- Exercise instructions -
Beginning at the line that contains "ECSTATIC - Steel" and finishing at the line that contains "canine fender fox", output the data below exactly. Include both end lines and no pictures.

== Supplied entries ==

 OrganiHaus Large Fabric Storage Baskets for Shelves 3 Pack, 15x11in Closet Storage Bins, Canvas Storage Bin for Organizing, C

===
== Supplied entries ==

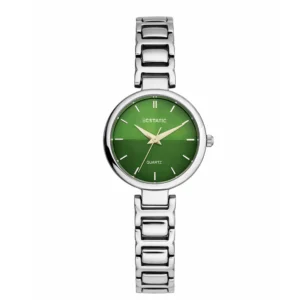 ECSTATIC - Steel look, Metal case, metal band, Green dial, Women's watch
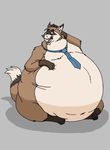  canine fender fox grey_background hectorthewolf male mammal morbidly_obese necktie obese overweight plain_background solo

===

- Response below -
 ECSTATIC - Steel look, Metal case, metal band, Green dial, Women's watch
  canine fender fox grey_background hectorthewolf male mammal morbidly_obese necktie obese overweight plain_background solo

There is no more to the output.